My drain wasn’t removed until this morning but wow what a feeling! Suddenly I was free from attachments. I felt able to straighten my aching body again. Able to move more freely. I’d regained a sense of self. Today when I showered I wasn’t coordinating my usual juggling act of medical equipment. It was just me, standing under the healing water. Oh what bliss. The little things in life we take for granted really are all that matter in the bigger picture. They are wherein lies the joy.

As I write this I am dressed, no longer living in my pjs. I am free from equipment and my scars and bruises are fading. The cancer patient I faced in the mirror just days ago is fading. My sense of self is returning. This was only possible because of an exceptional medical team treating the person and understanding that health care goes beyond pharmaceutical drugs. This is person centred care. I am so grateful.

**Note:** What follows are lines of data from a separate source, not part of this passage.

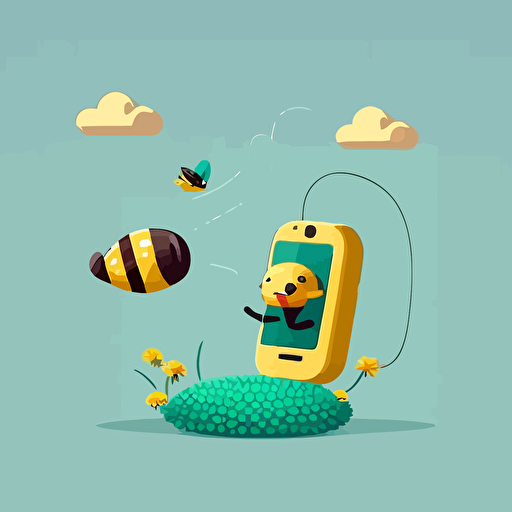 cute flat vector of phone and buzzing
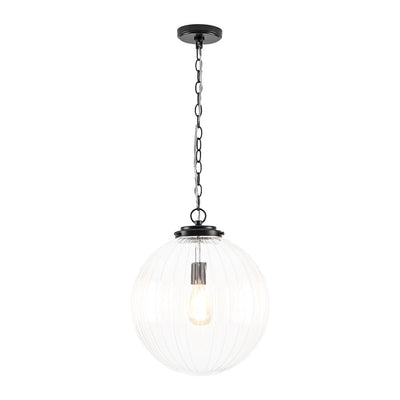 Modern Dimmable Ribbed Glass Pendant Light Fixture, Height Adjustable, Multiple Finishes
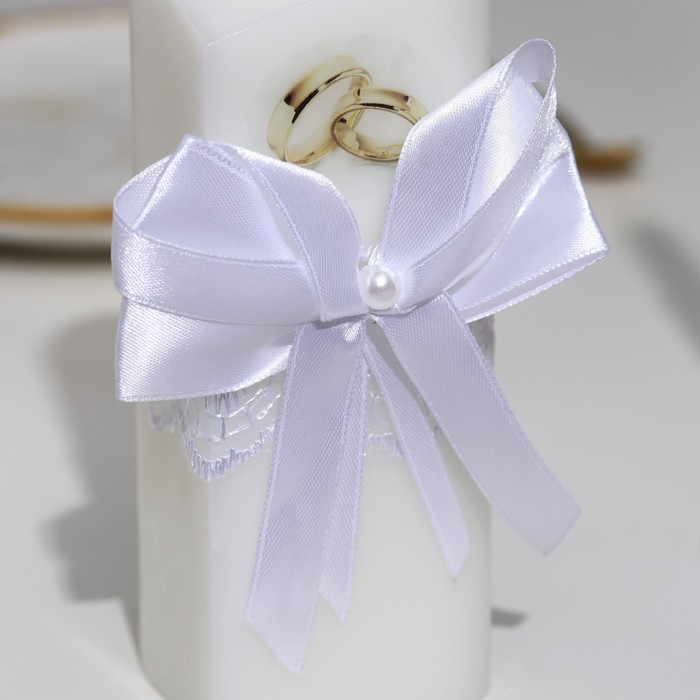 Набор свечей Набор свечей "Кружевной с бантиком" белый: домашний очаг 6,8х15см, родительские 1,8х17,5см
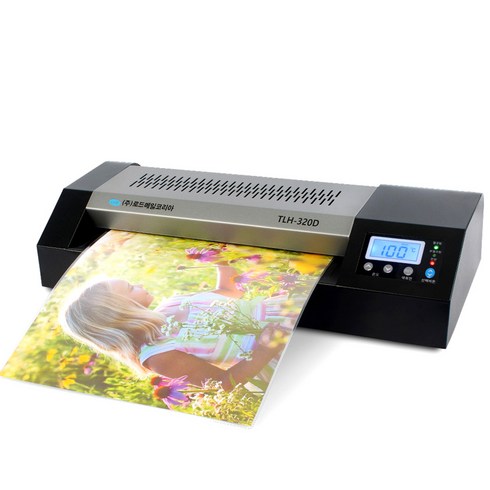 로드메일코리아 고급형 4롤러 디지털 코팅기 TLH-320D + 코팅지 100매 세트, A3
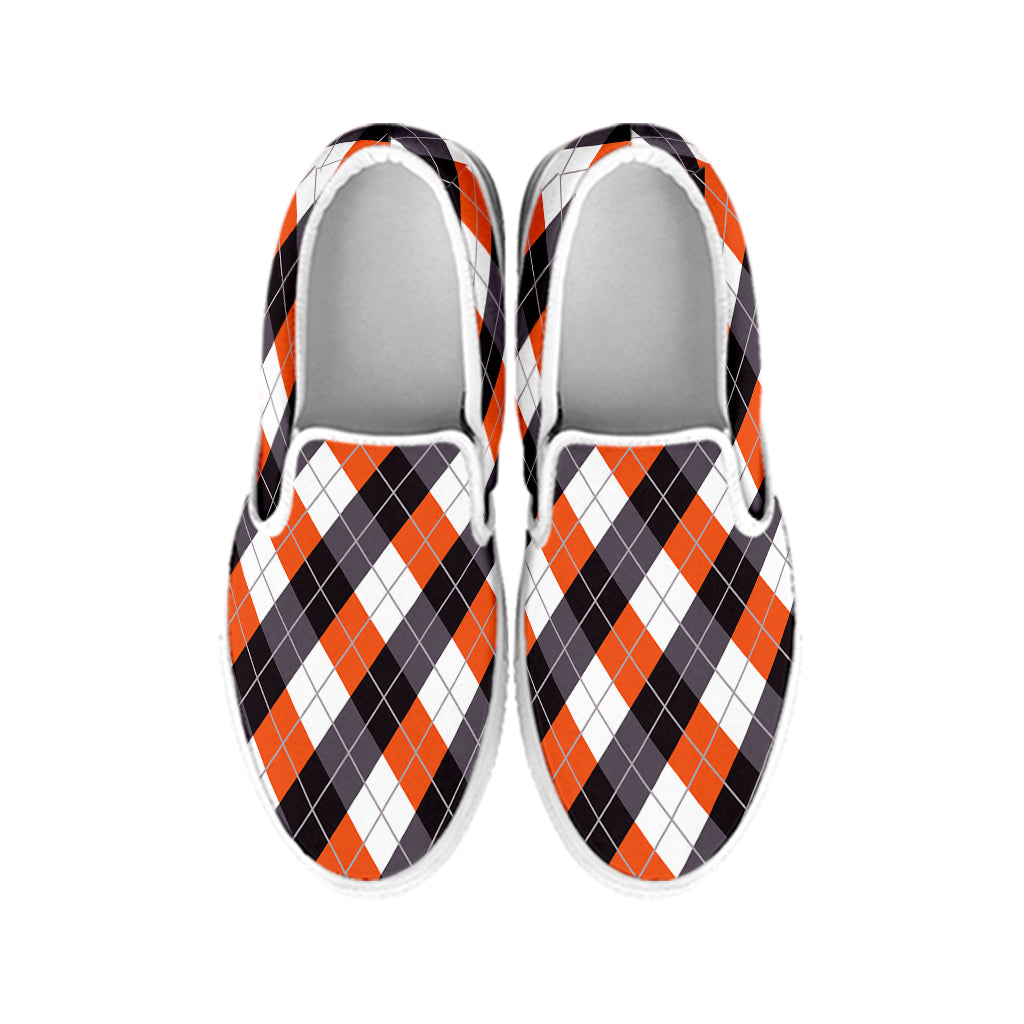 Halloween Party Argyle Pattern Print White Slip On Shoes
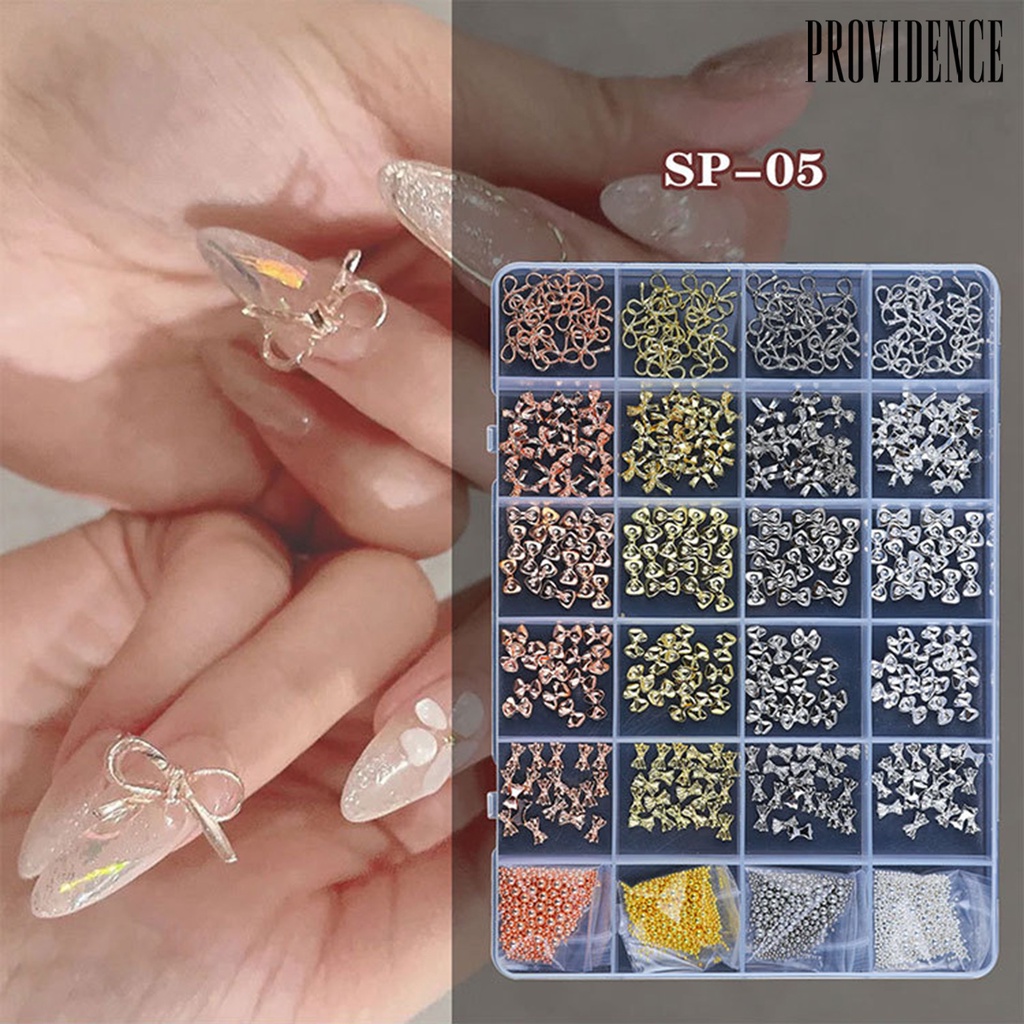 Providence 24Grids/Box Flat Back Nail Rhinestones DIY Easily Stick Mixed Colorful AB Nail Art Glitter Decorations for Manicure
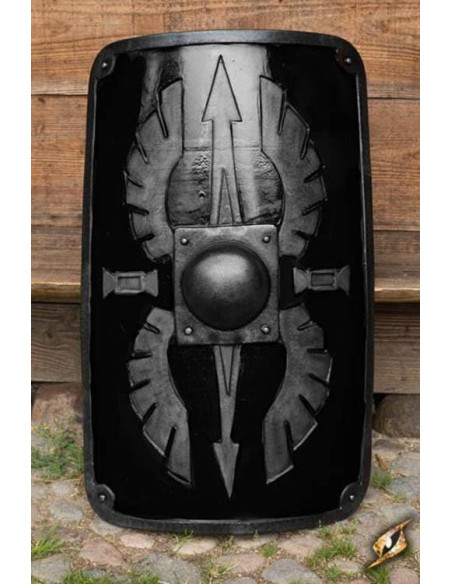 Scudo romano nero in lattice, 100x65 cm.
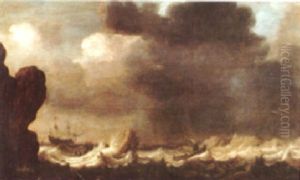 A Coastal Scene With A Frigate Offshore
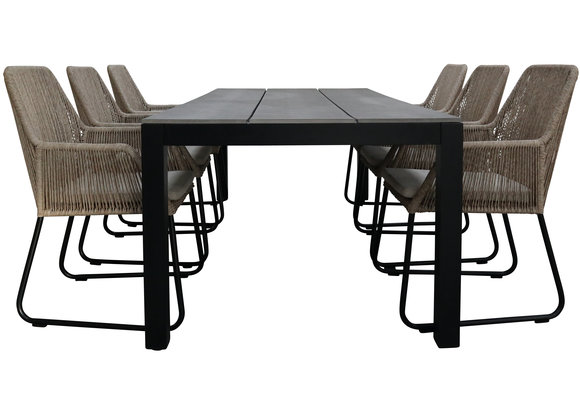 7-delige tuinset | 6 Mona tuinstoelen (Sand) | 225cm Cyprus tuintafel (Grey)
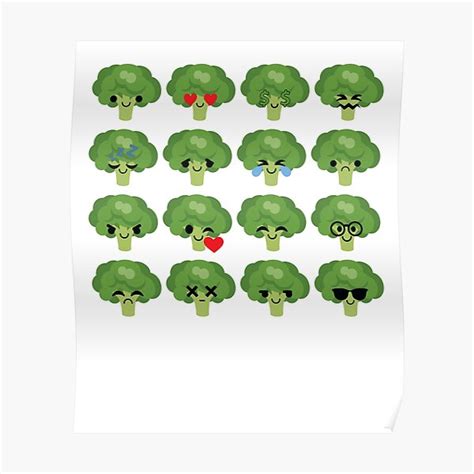 Broccoli Emoji Poster For Sale By Hippoemo Redbubble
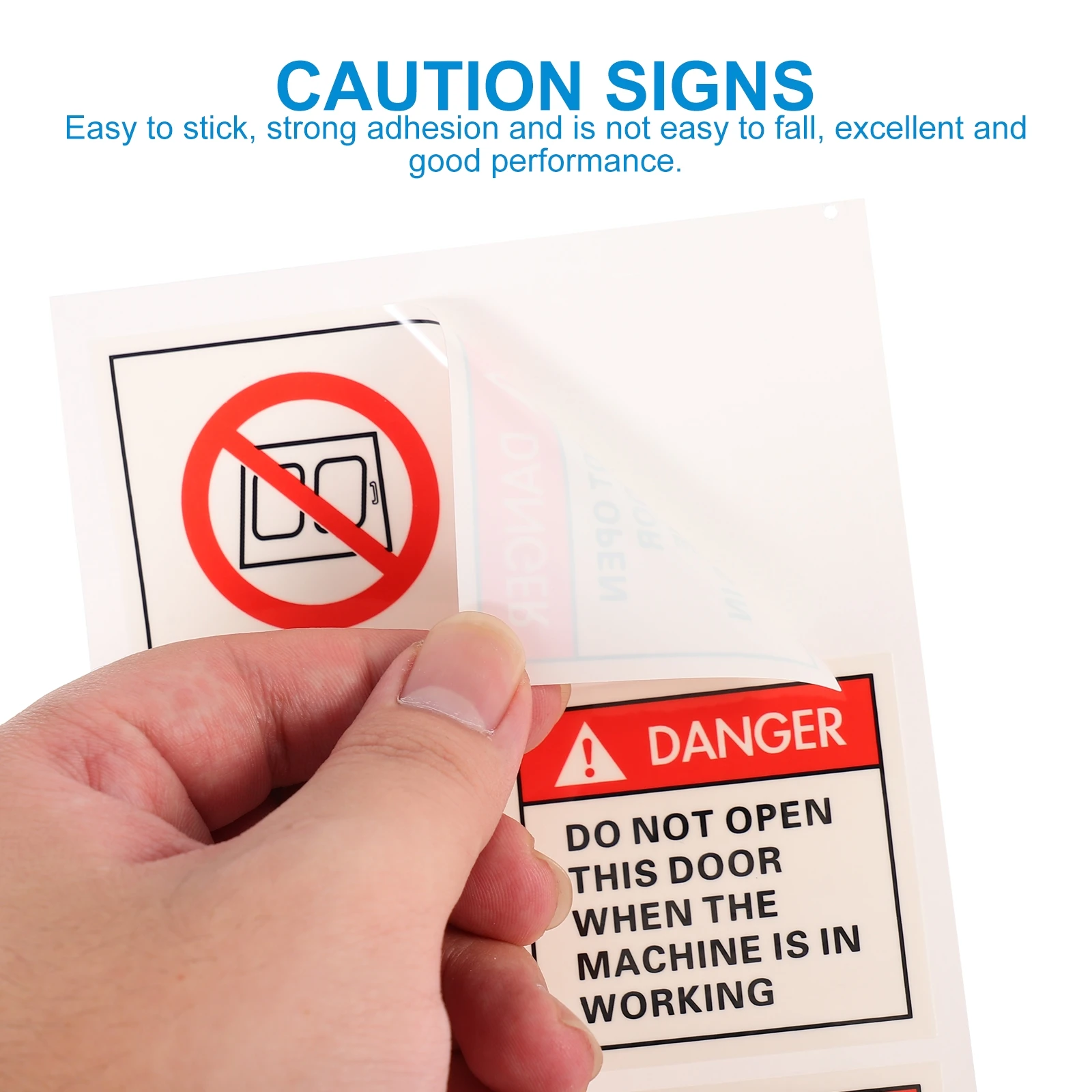 

5 Pcs Warning Sign Stickers Safety Equipment Decal Machine Danger Pp Working Decals Caution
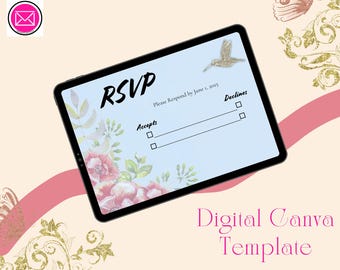 Puede incluir: Una plantilla digital de RSVP mostrada en una pantalla de tableta con fondo azul claro, ilustraciones florales rosas, un gráfico de colibrí dorado y texto negro que dice RSVP, Please Respond by June 1, 2025, Accepts y Declines.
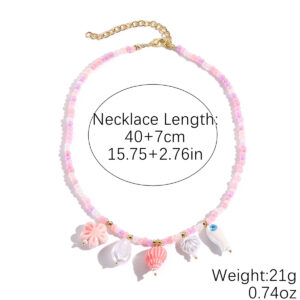 N2505-28 Pink White Rice Pearl Ceramic Conch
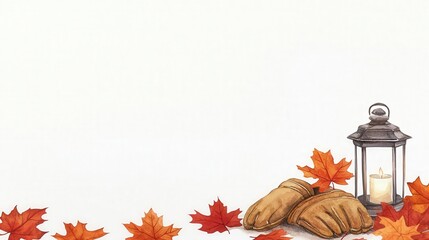 A cozy autumn scene featuring fall leaves, a lantern, and freshly baked bread, perfect for seasonal warmth and comfort.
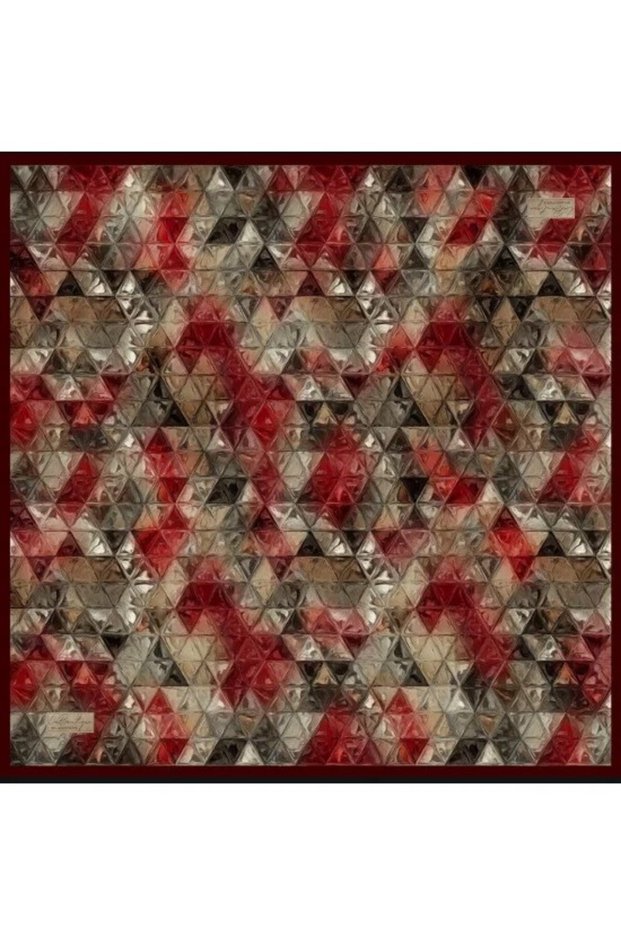 Saf Sura İpek 2818 08 Red - Black Geometric Pattern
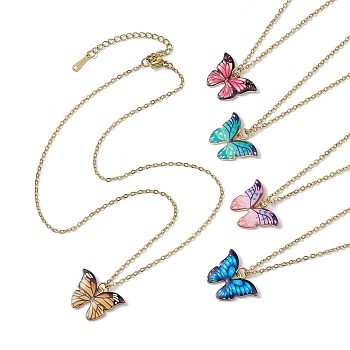Alloy Enamel Pendant Necklace, Butterfly, Mixed Color, 15.83 inch(40.2cm)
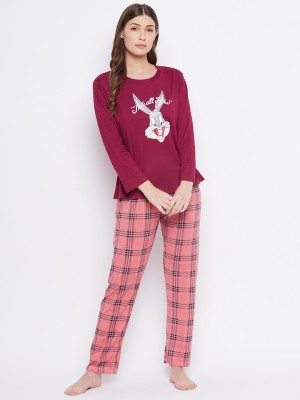 Camey Women Printed Maroon Top & Pyjama Set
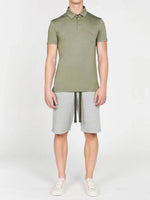 Loopback Cotton Jersey Relaxed Shorts Grey Khaki | E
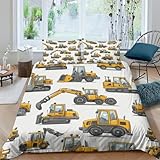 MPASHJHCV 3D-Druck Baumaschinen Bettüberzug hautfreundlich weich Mikrofaser Bettwäsche mit Kopfkissenbezug Zeichentrickfahrzeuge Duvetbezug pflegeleicht für Mieter Familien Single（135x200cm）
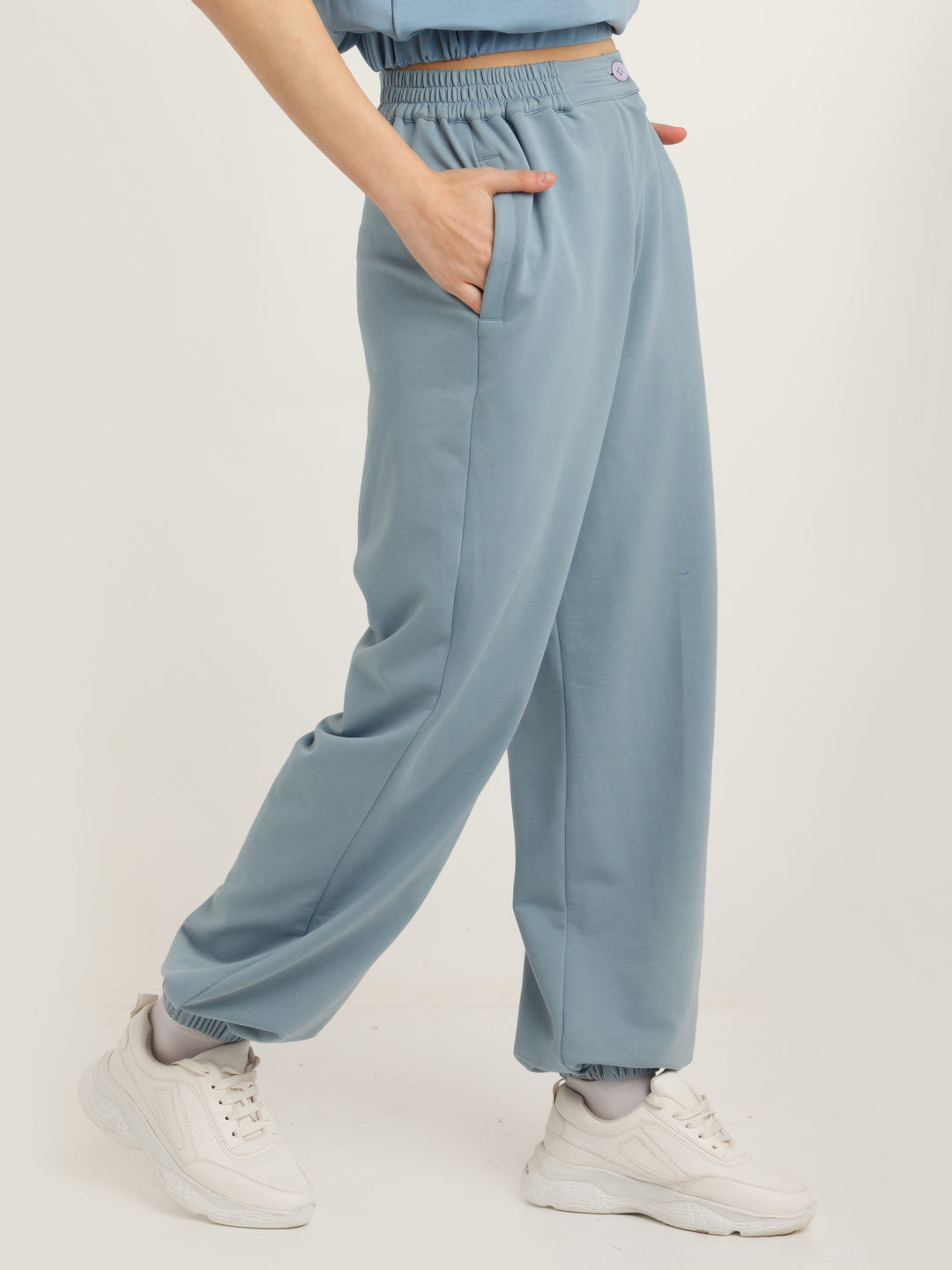 Blue Solid Elasticated Joggers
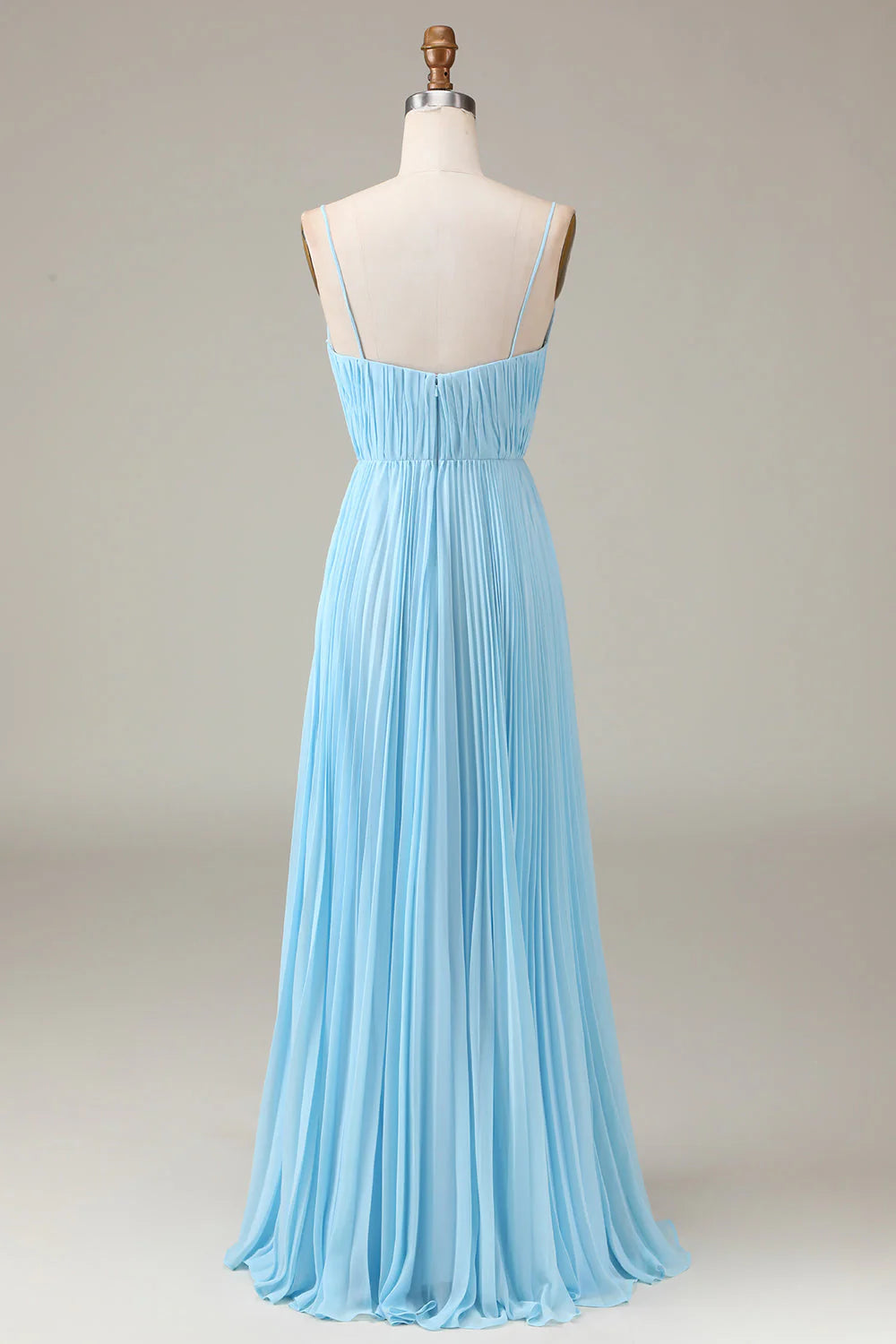 Sky Blue A Line Spaghetti Straps Pleated Chiffon Bridesmaid Dress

I’m not going home yet. But soon. The light at the end of the tunnel is shining bright. I’ve made it through another phase in my journey. It was tough. Tougher than tough. I saw darkness​, I felt pain, I faced fear, but it didn’t break me. I feel stronger for knowing the experiences I faced. Better for the people I’ve met. Inspired and encouraged by the human spirit and the love and care in the world.

I write this because I know many other beautiful souls will go to the dark places I went to in their own journeys. Please remember that where there is darkness there comes light. There is a way through. Never give up, least of all on yourself. You have the power to do this. You are enough.